What the task asks:
Exact copy, pictures omitted: the line holding "Used EBMPAPST RADICAL" and every line after it down to the end of the entries.
= = = = = = =
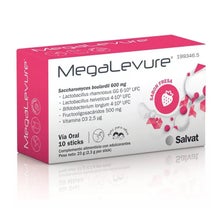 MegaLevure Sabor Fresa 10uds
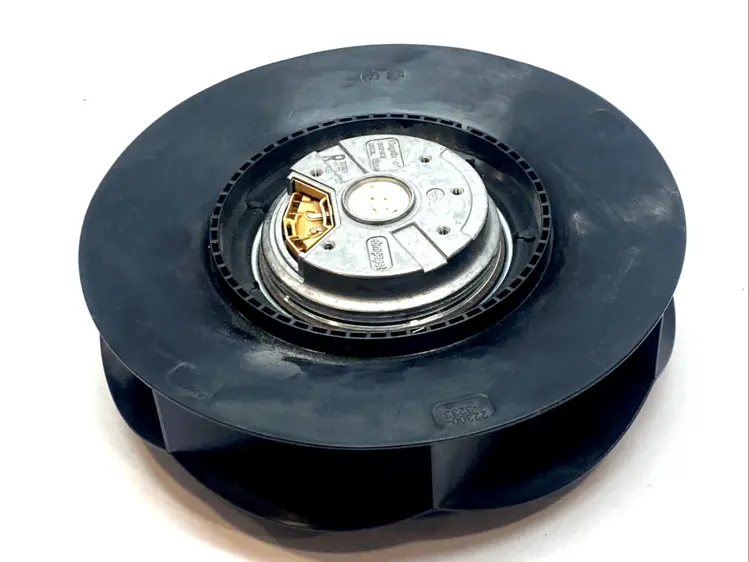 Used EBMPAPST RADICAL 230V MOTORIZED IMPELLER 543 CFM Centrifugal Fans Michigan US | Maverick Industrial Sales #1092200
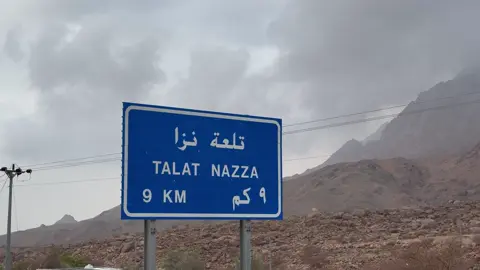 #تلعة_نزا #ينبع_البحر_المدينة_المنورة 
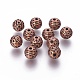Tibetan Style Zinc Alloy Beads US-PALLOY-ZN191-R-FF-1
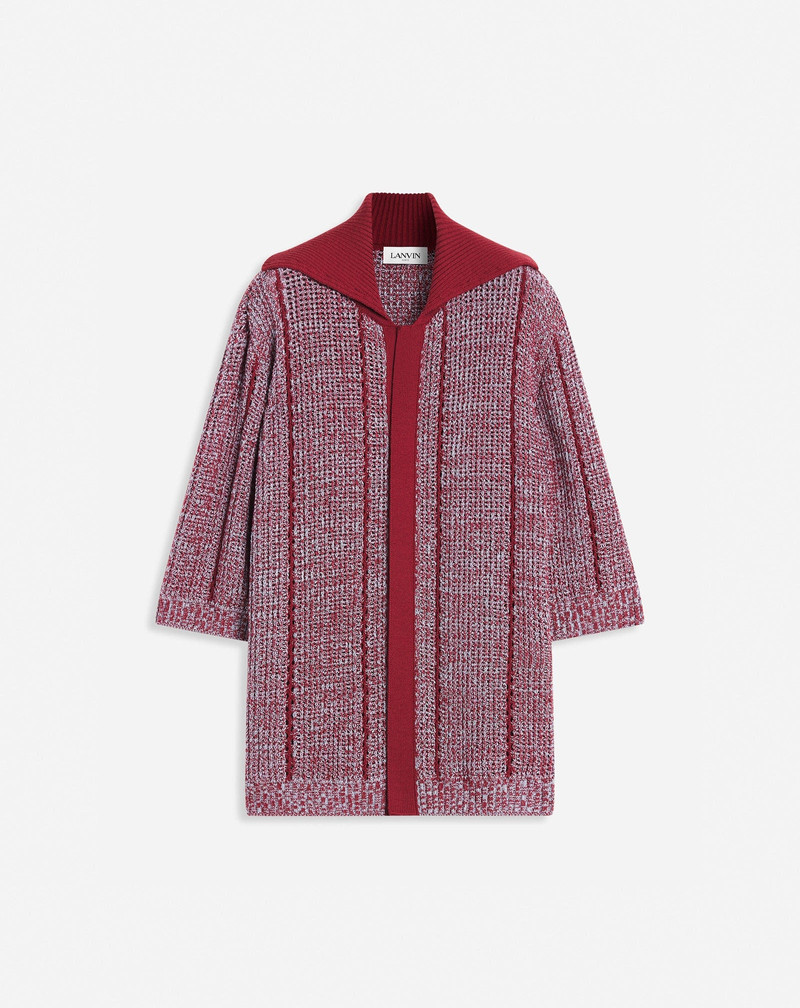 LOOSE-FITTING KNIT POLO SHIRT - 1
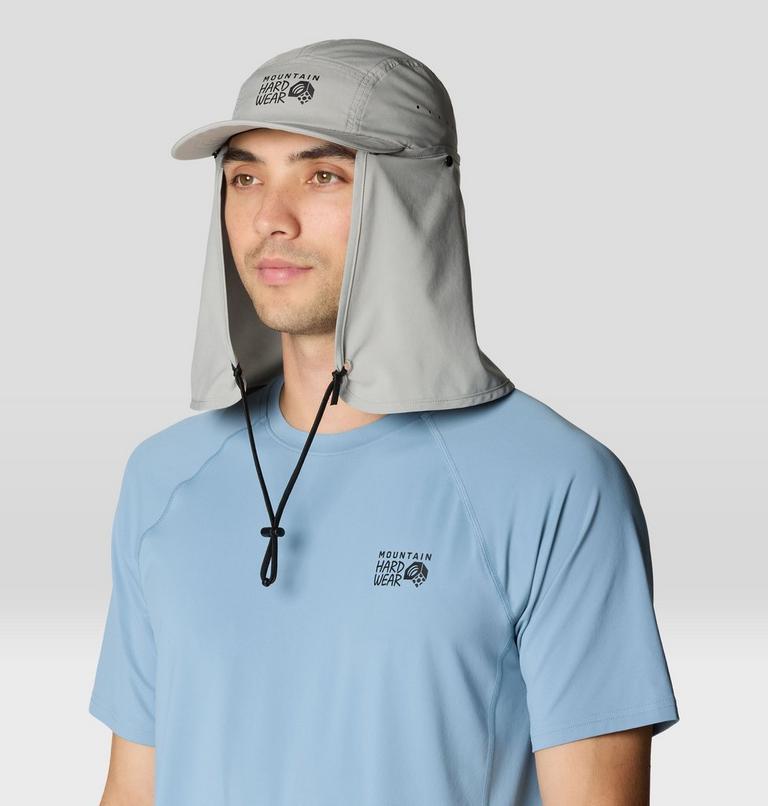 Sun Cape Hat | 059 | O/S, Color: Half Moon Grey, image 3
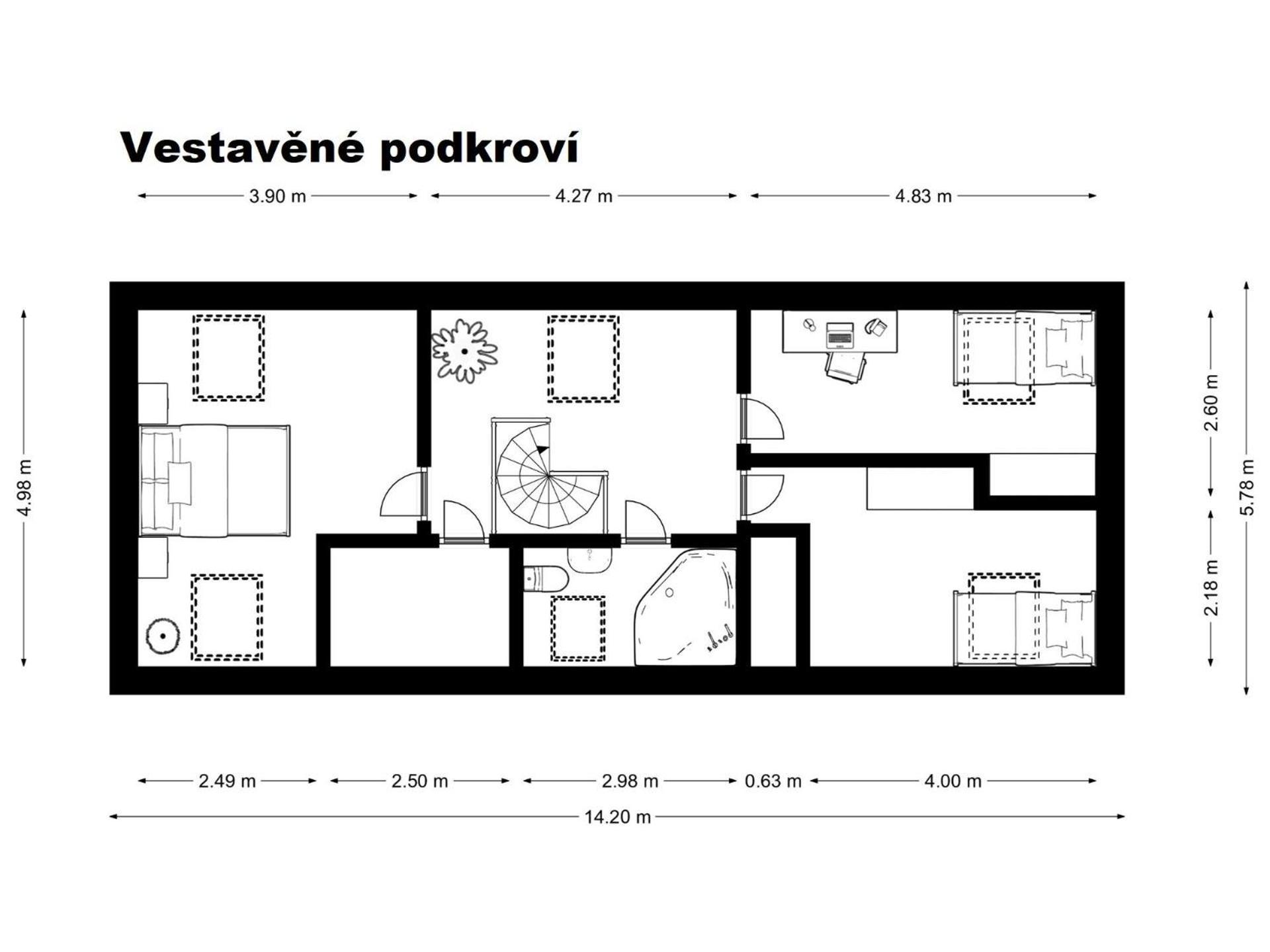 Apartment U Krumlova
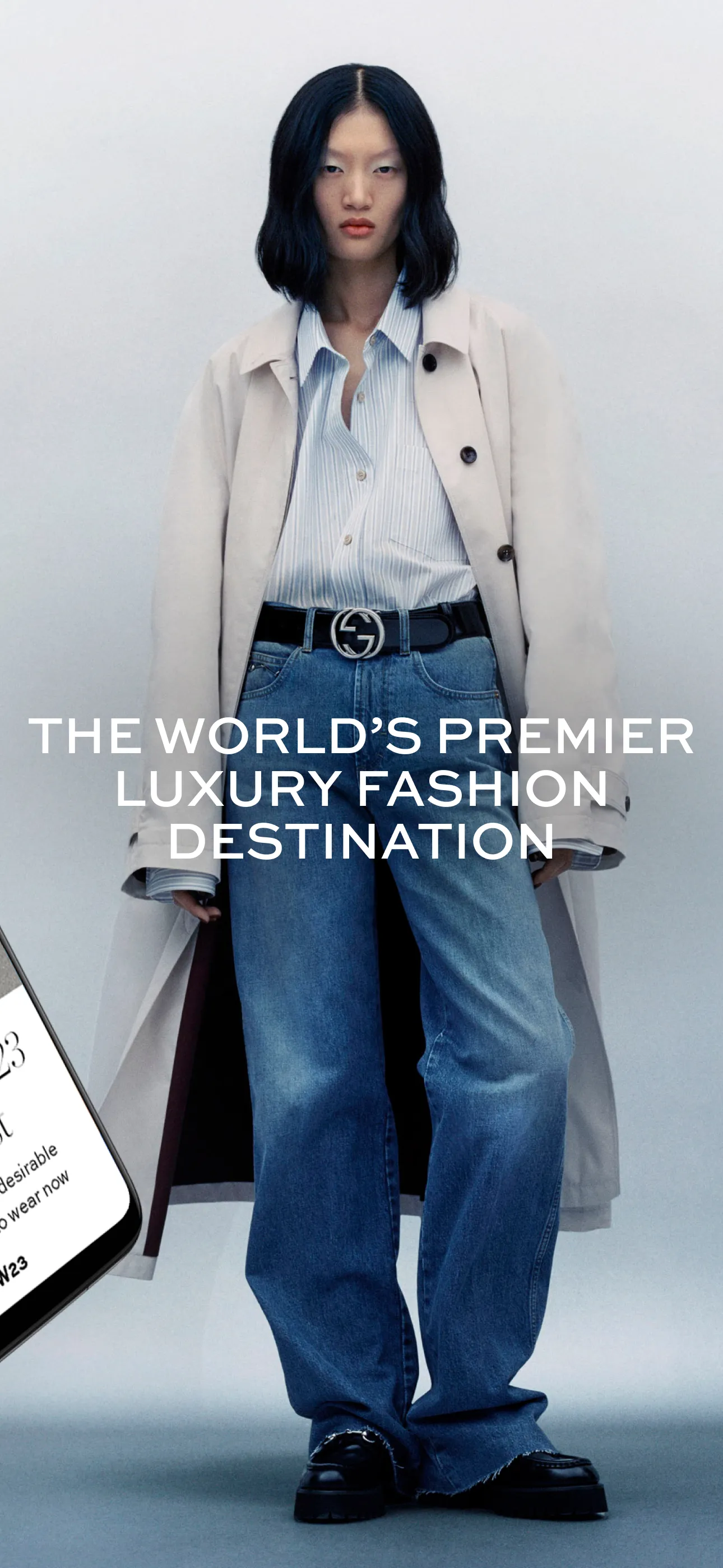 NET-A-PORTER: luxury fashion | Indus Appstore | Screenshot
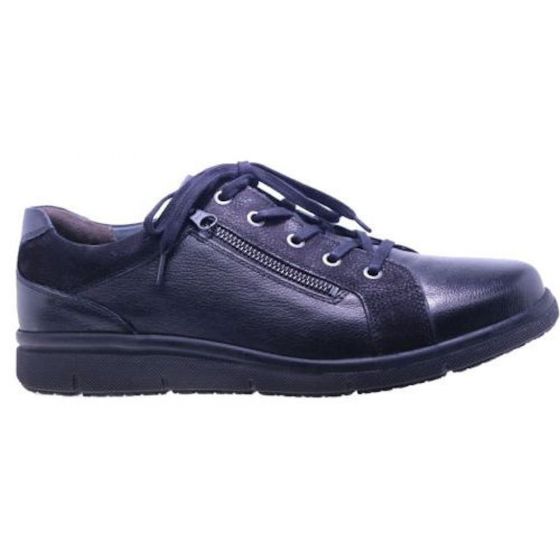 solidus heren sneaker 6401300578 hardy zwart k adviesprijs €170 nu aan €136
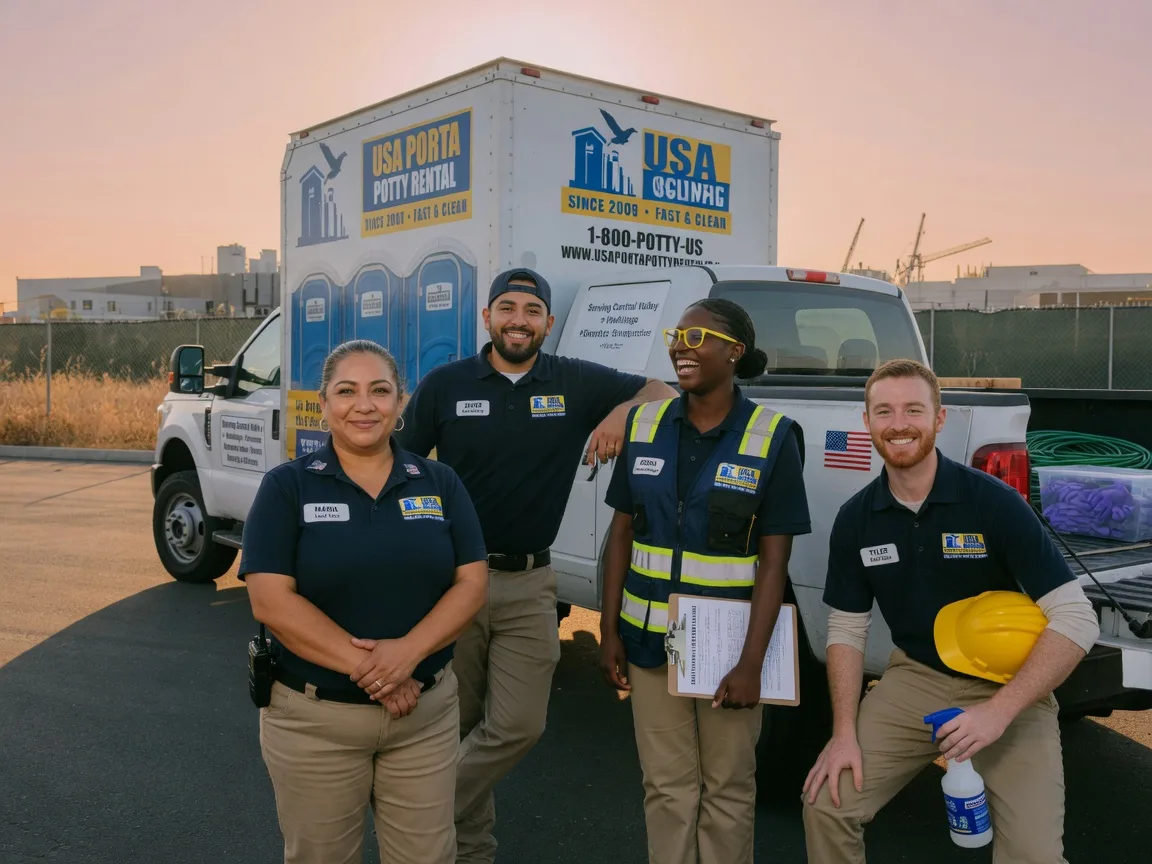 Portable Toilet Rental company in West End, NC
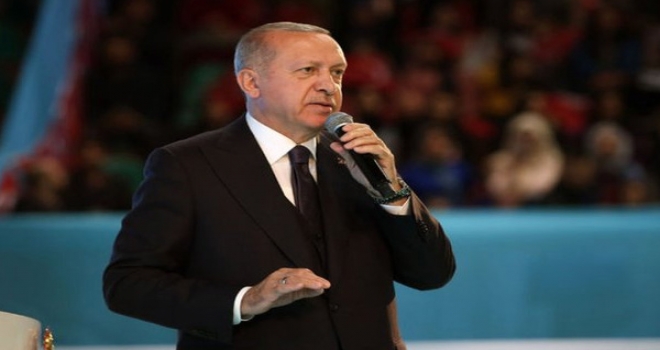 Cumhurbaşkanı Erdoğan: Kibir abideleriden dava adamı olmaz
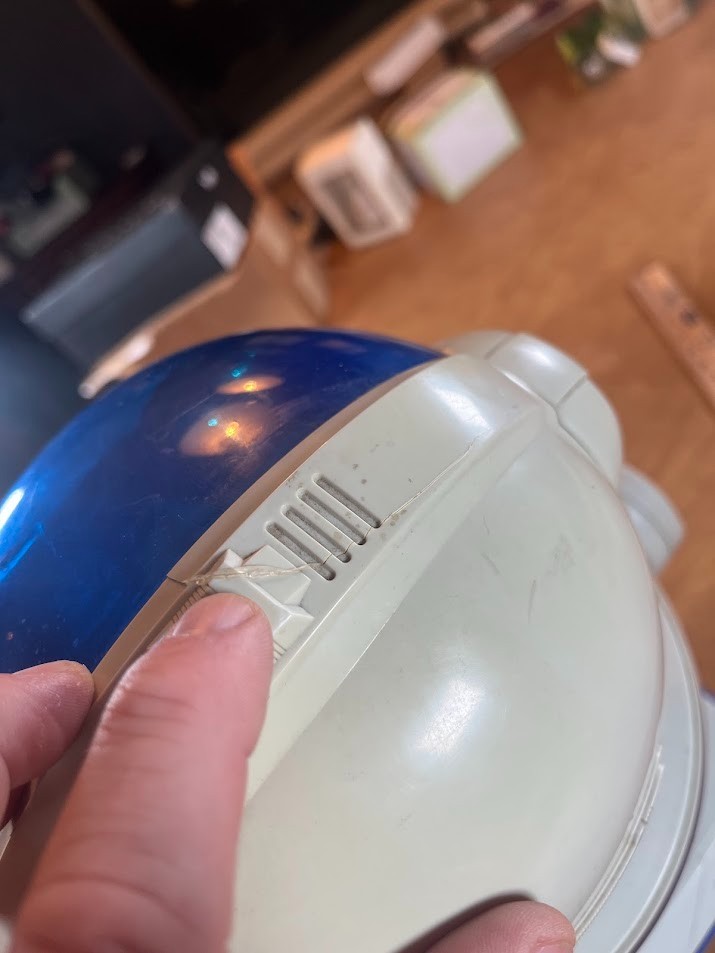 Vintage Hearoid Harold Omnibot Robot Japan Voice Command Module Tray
= = = = = = =
Your response:
 Used EBMPAPST RADICAL 230V MOTORIZED IMPELLER 543 CFM Centrifugal Fans Michigan US | Maverick Industrial Sales #1092200
 #تلعة_نزا #ينبع_البحر_المدينة_المنورة 
Tibetan Style Zinc Alloy Beads US-PALLOY-ZN191-R-FF-1
 LOOSE-FITTING KNIT POLO SHIRT - 1
 Sun Cape Hat | 059 | O/S, Color: Half Moon Grey, image 3
 Apartment U Krumlova
 NET-A-PORTER: luxury fashion | Indus Appstore | Screenshot
 solidus heren sneaker 6401300578 hardy zwart k adviesprijs €170 nu aan €136
 Portable Toilet Rental company in West End, NC
 Cumhurbaşkanı Erdoğan: Kibir abideleriden dava adamı olmaz
 Vintage Hearoid Harold Omnibot Robot Japan Voice Command Module Tray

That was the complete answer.